Também não se pode esquecer do exemplo que São Francisco nos deixa, ao procurar o sultão Malek Al-Kamel, há mais de oitocentos anos, para dialogar, durante a 5ª Cruzada – diálogo este que viabiliza a permanência dos franciscanos na Terra Santa até os dias de hoje…

Na regra da OFS, ainda, no artigo 19, São Francisco de Assis é taxativo: “Como portadores de paz e lembrando-se de que ela deve ser construída incessantemente, procurem os caminhos da unidade e dos entendimentos fraternos mediante o diálogo, confiantes na presença do germe divino que existe no homem e na força transformadora do amor e do perdão.”

Minha pergunta, hoje, é: “Qual é a paz que eu promovo como cristã?” 

Percebo que minhas atitudes nem sempre são aquelas que promovem a paz, mas que “apagam incêndios com gasolina”; minha postura nem sempre é de diálogo, mas, belicosa, às vezes provoca e desperta o que tem de menos agradável em quem me cerca; ainda, nem sempre exercito a tolerância em relação a quem diverge das minhas opiniões…

Mas minha busca é diminuir, a cada dia, a cada atitude, a cada pensar, a influência de tudo aquilo que me faz afastar a Paz de Cristo no meu viver. Tenho consciência que disso depende um mundo que eu quero que seja melhor – e nada disso melhora se eu não começar por mim mesma…

Este é um tema tão importante que o Papa Francisco, que no último dia três de outubro, publicou a encíclica “Tutti Fratelli” (“Todos irmãos”, em tradução livre). Ao lê-la, tive a nítida impressão que este Francisco é tão preocupado e comprometido com a unidade dos cristãos quanto aquele Francisco que ainda hoje nos inspira a darmos ao mundo e aos irmãos o melhor de nós…

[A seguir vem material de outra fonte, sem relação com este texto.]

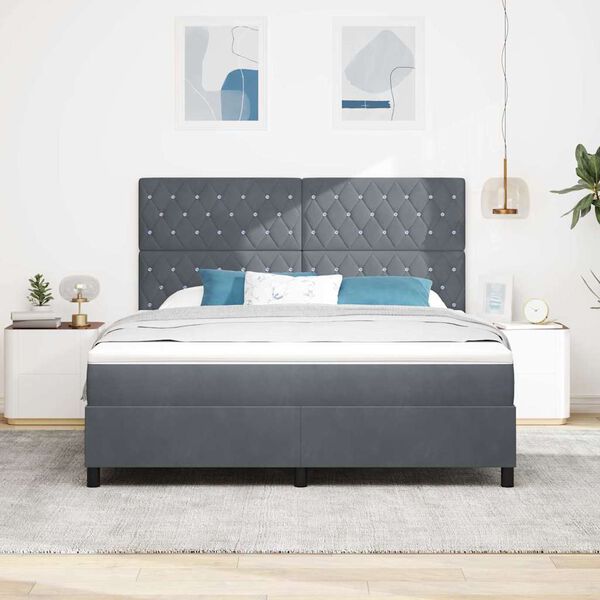 vidaXL Boxspringbett mit Matratze Dunkelgrau 180 x 200 cm Samt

Que todos nós, cristãos e/ou franciscanos, nos sintamos inspirados pelo “Pai Seráfico” a possibilitar a presença da Paz de Cristo em nossas vidas e, ainda que exista diferenças e erros de parte a parte, tenhamos o discernimento para viabilizar a implementação do diálogo e a manutenção da unidade da vivência e da pregação, em atos e palavras, dos ensinamentos que o Cristo nos deixou.